Laverne Cox is a transgender actress starred on “Orange is the New Black,” a popular Netflix-original series.

Jessica Yang, Social Media Editor

Laverne Cox, of “Orange is the New Black,” who plays an incarcerated, black, transgender woman, is coming to campus on Nov. 6 at 7 p.m. in the Tinkham Veale University Center. Although tickets are sold out, the event will be live-streamed simultaneously in the Ford Auditorium.

Liz Roccoforte, director of the LGBT center in Thwing, was a large part of the process that chose Cox.

“We decided to bring Laverne Cox to campus back in February 2014. I knew that it was time for the LGBT Center to bring a higher profile speaker to campus, but I wanted to make sure that this person would have a broad appeal, as well as be able to speak to some of the important work that still needed to be done on campus around the intersection of sexuality, gender identity and race,” said Roccoforte.

“The decision to bring her was based on a series of informal conversations happening throughout the CWRU LGBT and ally communities, including conversations with student and administrative leadership in the Office of Multicultural Affairs and the Center for Women,” said Roccoforte. “Finally, she’s a gifted actress on an extremely popular series—this helps magnify her voice and appeal to a larger audience.”

Cox is the first transgender woman of color to have a leading role in a mainstream, scripted show. She’s been awarded numerous prizes, such as Dorian Rising Star Award for her work on “Orange is the New Black.” Also, her character on the show, Sophia Burset, was named 4th most influential character of 2013 by Time magazine.

In light of the recent #webelonghere movement and CWRU’s ranking as an LGBT-friendly university, Laverne Cox’s visit and lecture has been more relevant than ever.

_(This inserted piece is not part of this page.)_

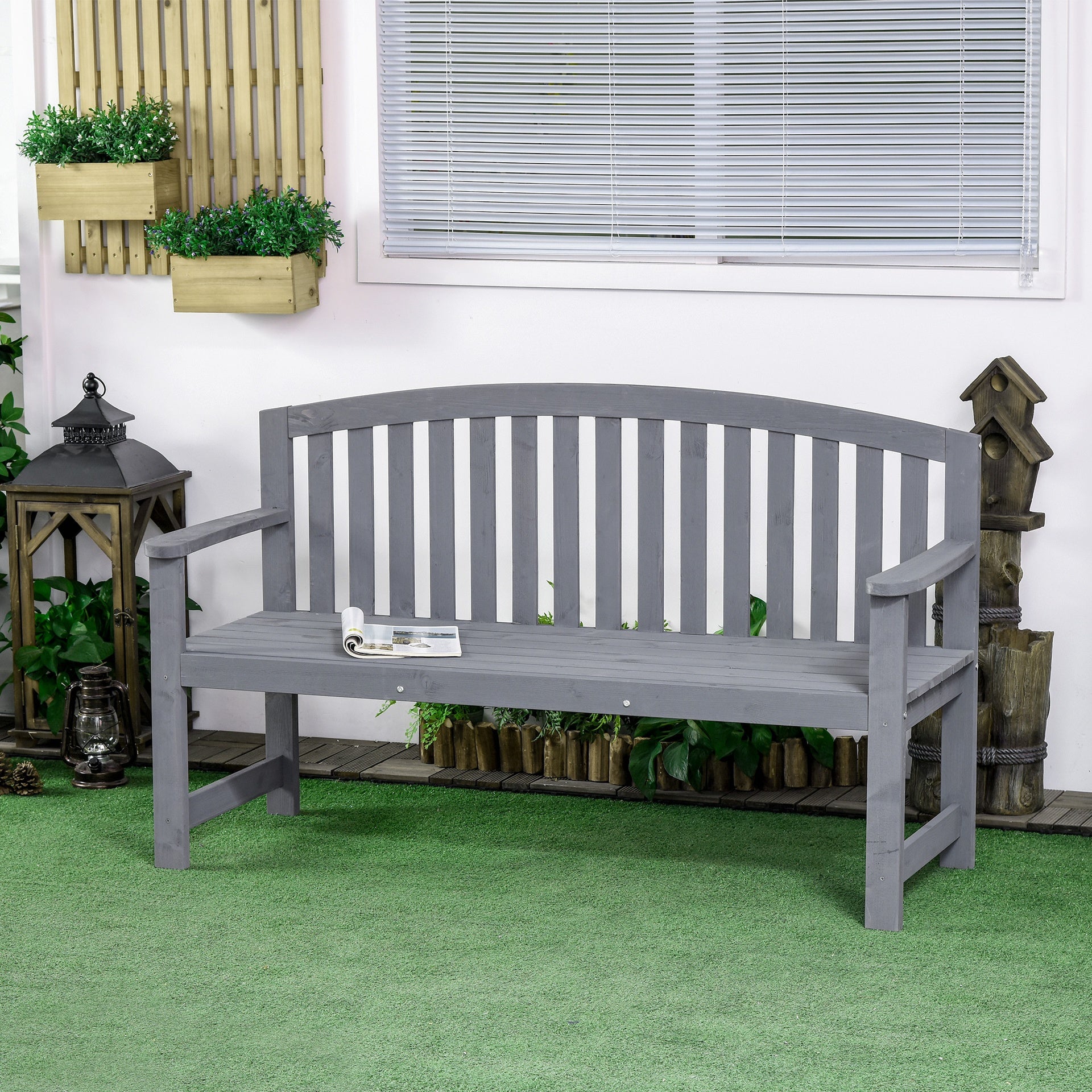 Outsunny 56" Outdoor Wood Bench, 2-Seater Garden Bench with Backrest and Armrest, Patio Bench for Patio, Porch, Poolside, Balcony, Gray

“It’s become abundantly clear that the campus still has work to do around race relations, marginalization and discrimination of people of color,” said Roccoforte. “As a transgender woman of color, I hope that her talk will be able to contribute to the current conversation, while also deepening the dialogue by highlighting the importance of discussing the experiences of LGBT people of color on campus.”

Although the event has been affiliated mostly with the LGBT Center, it is also sponsored by other on-campus organizations such as The Office of Multicultural Affairs, The Flora Stone Mather Center for Women, The Provost’s Office, Undergraduate Student Government, Interfraternity Congress, Panhellenic Council and the Office of Inclusion, Diversity and Equal Opportunity as well as Skylight Financial, a corporate sponsor.

Although Cox is the first celebrity activist that the LGBT Center has brought onto campus, the Center has brought speakers such as Robyn Ochs, Kenyon Farrow and JAC Stringer in the past. It’s the LGBT Center’s hope that Cox’s impact on campus will extend far beyond the night of her lecture.